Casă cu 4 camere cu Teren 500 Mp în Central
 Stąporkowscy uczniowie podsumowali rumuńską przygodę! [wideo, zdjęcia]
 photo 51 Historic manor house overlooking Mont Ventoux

• • • •

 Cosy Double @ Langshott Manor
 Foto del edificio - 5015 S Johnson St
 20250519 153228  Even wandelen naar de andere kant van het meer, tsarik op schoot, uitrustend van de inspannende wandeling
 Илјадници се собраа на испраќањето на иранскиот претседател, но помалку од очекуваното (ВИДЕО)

• • • •

**YOUR INSTRUCTIONS:**
Using the records above, copy word for word the line with "Casă cu 4 camere cu Teren 500 Mp în Central", the line with "photo 51 Historic", and every line between them.

**WRITTEN RESPONSE:**
Casă cu 4 camere cu Teren 500 Mp în Central
 Stąporkowscy uczniowie podsumowali rumuńską przygodę! [wideo, zdjęcia]
 photo 51 Historic manor house overlooking Mont Ventoux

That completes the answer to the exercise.